Questions and answers
Are there any foods that are difficult to match?
Chocolate is a difficult food to find a pairing. Sweet wines are not the way forward, contrary to popular opinion. A wine must be sweeter than the food to stand up to it. The best thing for chocolate is a sweet or fortified Muscat, Cabernet Sauvignon, Banyuls or Port.
Asparagus is a tricky one too as it can give a vegetal sensation to the wine but New World Sauvignon Blancs often fit the bill.
Eggs are another headache for matching, particularly with still wines. The issue is the yolk tends to stick around on your tastebuds and makes the wine taste rather odd.

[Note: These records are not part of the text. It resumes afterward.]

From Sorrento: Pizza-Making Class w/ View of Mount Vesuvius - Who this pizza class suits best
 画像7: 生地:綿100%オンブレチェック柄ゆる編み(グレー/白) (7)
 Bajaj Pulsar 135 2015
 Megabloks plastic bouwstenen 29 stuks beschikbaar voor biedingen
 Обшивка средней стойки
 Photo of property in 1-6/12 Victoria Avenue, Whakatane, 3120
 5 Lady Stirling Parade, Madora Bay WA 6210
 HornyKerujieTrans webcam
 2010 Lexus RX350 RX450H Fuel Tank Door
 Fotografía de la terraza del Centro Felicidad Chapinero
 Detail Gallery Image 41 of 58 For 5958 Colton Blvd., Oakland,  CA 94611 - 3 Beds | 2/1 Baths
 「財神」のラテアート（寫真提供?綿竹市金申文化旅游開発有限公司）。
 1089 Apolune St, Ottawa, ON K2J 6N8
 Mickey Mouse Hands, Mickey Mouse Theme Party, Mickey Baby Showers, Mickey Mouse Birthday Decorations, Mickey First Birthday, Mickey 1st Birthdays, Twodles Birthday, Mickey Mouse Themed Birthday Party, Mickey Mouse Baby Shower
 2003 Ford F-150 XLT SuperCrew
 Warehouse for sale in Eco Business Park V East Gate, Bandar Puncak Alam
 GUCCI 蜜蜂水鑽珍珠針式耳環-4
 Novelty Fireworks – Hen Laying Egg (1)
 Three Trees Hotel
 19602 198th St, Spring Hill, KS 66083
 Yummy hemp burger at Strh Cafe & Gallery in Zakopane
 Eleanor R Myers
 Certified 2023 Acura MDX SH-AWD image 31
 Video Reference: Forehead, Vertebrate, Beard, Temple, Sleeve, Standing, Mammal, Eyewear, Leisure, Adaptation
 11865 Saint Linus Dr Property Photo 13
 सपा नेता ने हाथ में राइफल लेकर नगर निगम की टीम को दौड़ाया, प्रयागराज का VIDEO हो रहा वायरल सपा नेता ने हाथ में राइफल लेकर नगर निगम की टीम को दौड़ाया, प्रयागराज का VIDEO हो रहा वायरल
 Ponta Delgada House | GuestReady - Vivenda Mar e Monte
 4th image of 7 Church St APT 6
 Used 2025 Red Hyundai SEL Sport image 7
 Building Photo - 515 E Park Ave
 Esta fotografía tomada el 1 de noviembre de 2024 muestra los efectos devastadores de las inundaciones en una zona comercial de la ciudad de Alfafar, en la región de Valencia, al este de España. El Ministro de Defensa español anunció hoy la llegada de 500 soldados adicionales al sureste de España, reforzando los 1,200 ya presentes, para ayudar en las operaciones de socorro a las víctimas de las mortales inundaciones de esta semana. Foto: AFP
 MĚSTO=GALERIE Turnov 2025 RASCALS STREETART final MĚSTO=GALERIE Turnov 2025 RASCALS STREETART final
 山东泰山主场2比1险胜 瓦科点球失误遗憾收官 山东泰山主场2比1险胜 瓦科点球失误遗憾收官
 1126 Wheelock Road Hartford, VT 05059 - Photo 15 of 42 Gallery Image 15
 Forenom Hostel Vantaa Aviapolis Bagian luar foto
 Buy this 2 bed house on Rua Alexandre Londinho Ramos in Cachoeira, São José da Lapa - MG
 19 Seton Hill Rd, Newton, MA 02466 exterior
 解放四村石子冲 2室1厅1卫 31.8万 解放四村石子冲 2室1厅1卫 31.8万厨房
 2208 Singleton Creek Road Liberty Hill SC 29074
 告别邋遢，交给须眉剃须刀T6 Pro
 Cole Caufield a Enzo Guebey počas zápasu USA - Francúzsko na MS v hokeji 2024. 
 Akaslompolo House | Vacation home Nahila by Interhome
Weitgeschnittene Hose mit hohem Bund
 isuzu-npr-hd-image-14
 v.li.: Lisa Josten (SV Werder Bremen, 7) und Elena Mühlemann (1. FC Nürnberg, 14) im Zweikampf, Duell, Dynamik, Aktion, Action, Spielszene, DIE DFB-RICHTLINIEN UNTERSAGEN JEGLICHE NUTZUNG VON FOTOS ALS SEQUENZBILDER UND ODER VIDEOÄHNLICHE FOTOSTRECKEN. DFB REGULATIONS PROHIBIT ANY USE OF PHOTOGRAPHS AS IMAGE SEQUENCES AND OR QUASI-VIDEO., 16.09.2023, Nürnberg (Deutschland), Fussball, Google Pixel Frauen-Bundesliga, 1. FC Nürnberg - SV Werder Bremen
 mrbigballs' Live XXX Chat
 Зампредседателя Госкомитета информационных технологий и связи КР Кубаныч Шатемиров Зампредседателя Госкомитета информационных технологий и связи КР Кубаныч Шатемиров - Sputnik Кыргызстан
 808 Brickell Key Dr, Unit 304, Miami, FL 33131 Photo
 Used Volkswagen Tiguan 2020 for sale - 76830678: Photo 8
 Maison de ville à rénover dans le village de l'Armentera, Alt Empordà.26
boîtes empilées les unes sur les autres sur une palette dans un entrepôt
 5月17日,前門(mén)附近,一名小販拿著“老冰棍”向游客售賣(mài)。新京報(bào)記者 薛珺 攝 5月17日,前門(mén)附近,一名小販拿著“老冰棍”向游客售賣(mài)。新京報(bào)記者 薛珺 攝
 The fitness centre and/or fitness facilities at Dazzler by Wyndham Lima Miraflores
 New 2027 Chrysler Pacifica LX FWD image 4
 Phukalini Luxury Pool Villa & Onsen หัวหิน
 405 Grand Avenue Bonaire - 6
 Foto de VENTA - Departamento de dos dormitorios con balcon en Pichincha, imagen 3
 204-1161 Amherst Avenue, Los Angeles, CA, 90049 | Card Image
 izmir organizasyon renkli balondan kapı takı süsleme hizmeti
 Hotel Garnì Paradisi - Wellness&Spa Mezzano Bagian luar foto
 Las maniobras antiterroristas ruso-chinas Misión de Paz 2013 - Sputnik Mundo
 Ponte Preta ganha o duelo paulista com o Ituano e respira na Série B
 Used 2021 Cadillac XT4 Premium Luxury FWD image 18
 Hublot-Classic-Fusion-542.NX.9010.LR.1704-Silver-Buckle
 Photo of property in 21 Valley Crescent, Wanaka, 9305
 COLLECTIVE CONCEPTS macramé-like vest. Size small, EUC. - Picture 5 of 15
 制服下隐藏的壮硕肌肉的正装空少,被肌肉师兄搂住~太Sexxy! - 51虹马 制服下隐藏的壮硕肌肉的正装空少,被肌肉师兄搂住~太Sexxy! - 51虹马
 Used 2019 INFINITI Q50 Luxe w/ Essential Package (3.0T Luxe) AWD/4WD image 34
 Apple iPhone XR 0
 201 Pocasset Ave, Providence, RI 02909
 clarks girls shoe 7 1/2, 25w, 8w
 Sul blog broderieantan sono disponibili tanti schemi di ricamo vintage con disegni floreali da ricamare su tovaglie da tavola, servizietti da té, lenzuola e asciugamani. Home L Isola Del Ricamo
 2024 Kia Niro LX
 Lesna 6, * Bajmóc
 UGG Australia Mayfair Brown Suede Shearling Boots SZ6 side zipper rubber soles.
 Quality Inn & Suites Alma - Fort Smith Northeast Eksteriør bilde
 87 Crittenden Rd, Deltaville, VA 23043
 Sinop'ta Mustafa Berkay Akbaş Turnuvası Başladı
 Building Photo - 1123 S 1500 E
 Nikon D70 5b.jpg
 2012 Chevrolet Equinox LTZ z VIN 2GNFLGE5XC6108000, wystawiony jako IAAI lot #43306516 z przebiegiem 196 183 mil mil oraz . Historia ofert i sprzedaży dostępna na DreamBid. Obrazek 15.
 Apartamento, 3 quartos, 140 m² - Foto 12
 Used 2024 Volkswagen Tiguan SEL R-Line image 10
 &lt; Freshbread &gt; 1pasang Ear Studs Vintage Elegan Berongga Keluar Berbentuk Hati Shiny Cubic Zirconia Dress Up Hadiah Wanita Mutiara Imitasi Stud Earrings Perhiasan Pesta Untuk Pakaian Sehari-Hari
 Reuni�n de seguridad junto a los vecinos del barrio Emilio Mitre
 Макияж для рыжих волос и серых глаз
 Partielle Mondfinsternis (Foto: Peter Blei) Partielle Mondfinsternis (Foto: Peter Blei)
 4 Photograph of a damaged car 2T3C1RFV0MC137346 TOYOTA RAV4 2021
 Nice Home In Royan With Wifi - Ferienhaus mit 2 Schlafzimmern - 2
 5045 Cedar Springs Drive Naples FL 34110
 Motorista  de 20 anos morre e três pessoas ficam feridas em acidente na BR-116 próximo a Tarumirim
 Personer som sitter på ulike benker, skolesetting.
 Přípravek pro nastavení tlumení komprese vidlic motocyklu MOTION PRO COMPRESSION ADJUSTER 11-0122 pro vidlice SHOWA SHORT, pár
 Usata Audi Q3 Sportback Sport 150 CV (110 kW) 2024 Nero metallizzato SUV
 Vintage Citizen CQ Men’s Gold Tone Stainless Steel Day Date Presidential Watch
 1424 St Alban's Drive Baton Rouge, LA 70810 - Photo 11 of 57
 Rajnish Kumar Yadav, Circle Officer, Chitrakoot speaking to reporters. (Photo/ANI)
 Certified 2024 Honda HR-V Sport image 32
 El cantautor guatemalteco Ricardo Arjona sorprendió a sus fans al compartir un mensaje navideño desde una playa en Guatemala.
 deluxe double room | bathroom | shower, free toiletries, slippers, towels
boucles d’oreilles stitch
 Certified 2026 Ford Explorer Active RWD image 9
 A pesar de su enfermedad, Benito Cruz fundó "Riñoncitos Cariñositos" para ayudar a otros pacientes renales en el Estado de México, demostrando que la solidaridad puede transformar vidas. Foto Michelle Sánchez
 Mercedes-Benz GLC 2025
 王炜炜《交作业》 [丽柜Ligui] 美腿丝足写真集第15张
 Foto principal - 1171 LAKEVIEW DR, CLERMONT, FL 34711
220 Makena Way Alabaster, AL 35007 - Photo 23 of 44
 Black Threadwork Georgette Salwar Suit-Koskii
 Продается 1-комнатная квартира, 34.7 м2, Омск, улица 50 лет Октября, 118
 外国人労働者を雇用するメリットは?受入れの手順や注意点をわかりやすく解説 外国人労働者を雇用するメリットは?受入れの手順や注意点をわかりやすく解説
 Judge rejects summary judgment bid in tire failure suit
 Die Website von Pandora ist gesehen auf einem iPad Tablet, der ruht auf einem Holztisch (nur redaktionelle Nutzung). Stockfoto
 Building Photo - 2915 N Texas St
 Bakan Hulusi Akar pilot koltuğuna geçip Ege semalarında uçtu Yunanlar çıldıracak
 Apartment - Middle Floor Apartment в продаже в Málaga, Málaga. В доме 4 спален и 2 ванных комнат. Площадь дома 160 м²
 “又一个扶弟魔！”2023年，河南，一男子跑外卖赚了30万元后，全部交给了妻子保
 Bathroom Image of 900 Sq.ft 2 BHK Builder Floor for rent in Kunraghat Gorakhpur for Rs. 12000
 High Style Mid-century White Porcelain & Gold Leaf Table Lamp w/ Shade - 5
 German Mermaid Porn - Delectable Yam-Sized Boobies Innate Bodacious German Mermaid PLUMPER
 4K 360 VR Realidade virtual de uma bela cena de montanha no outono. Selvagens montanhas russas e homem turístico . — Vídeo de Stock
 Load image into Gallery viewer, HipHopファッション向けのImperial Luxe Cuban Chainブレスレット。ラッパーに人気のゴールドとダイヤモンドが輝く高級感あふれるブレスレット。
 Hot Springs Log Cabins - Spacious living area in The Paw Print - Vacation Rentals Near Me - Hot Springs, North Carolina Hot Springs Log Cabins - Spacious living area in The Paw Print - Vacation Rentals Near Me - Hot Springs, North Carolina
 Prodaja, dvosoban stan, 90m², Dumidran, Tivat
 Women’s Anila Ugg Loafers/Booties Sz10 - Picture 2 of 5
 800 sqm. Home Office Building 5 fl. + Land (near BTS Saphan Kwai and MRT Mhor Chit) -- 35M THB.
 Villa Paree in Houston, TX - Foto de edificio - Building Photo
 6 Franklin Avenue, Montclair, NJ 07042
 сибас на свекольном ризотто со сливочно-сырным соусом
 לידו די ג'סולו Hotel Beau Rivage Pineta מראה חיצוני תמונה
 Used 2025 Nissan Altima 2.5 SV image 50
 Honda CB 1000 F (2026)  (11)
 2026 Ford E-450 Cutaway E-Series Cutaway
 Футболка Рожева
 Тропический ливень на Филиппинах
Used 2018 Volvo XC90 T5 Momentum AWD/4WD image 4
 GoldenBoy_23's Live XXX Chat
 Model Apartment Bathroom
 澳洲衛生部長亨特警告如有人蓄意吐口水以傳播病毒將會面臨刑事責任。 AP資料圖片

Sparkling wines are a great palate cleanser with their bubbles and crisp acid, and thus suit eggy dishes well.
What are the best wines for cheese?
Soft cheeses needed a wine with backbone so a brie or Camembert would be best served wtih Chardonnay or Chablis.
Goat's cheese can be pungent but it's also creamy so opt for a wine with acid but some aromatics. The classic match is a Sauvignon Blanc.
As cheeses get harder, it's best to look at wines with a little oomph so for a cheddar go for Sauvignon Blanc, a Rhone red or Rioja.
The salt in blue cheeses calls for a wine with residual sugar. Sauternes and Port are the classic blue cheese pairing. Anything with some lovely sweetness is perfect. And delicious.
What's the best wines for spicy foods?
For example, Thai dishes work well with off-dry or medium-sweet wines. The sweetness can temper the heat of the spice. Wines with lower alcohol are best for spicy dishes so you don't get the burn of the spice and a wine that burns in the throat! So, try an off-dry Riesling, Gewurztraminer or Torrontes.
Of course, there's no set rules. So, you can try what you like. Recently, the Chilean wine industry started pushing Carmenere with curry.